It’s Booker season again. Which means it it’s also time for the Not the Booker Prize and the Nobel Prize for Literature is just around the corner. We’re in the middle of literary award season. The bookish internet is all a-twitter with speculation and debate about who will win and who was snubbed and who deserved to win. I find it exhausting and frustrating, more so every time awards season rolls around. Mostly because my favorites hardly ever win.
NPR reporter Colin Dwyer published a short article about Namwali Serpell, who recently won the Caine Prize, that brought up new problems with literary prizes. Serpell announced that she would split the prize money with the other nominees if she won the award, which is given to recognize “the best original short story by an African writer, whether in Africa or elsewhere, published in the English language” (Wikipedia). Serpell said, “And it just felt weird and sad that we were now going to be pitted against each other in some kind of battle royal. I think, for the writers obviously, literature’s not a competitive sport.” Elnathan John told The Guardian, “I would prefer not to be a spokesperson at all. Whether for Africa or African writing” (quoted by Dwyer).

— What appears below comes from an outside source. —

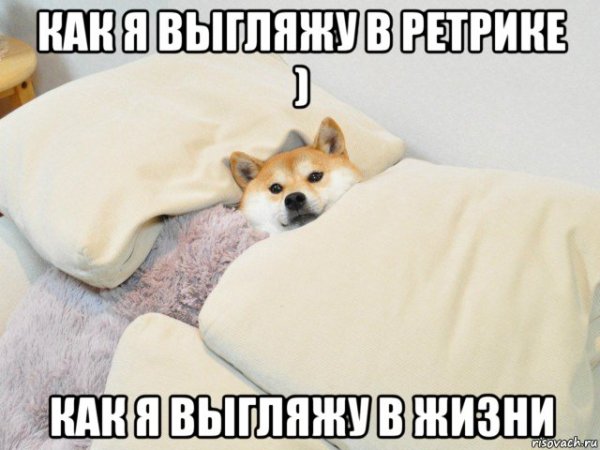 Дай поспать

I don’t know how much bad blood springs from literary prizes between authors, but I absolutely agree with Serpell’s point that literature is not a competitive sport. How can one story or novel or poem be “better” than another to the point where one wins a prize and another doesn’t? The slates of nominees can be so diverse in terms of styles and content that even comparing them seems like a disservice. John’s comment about not wanting to be a spokesperson, I think, justifies my thought about the impossibility of judging one text to be objectively better than another. How can judges say that their choice of winner is the best short story by all African writers that year? Or the judges of the Baileys Prize picking the best book by a woman writing in English? That would be a big burden to carry for a year.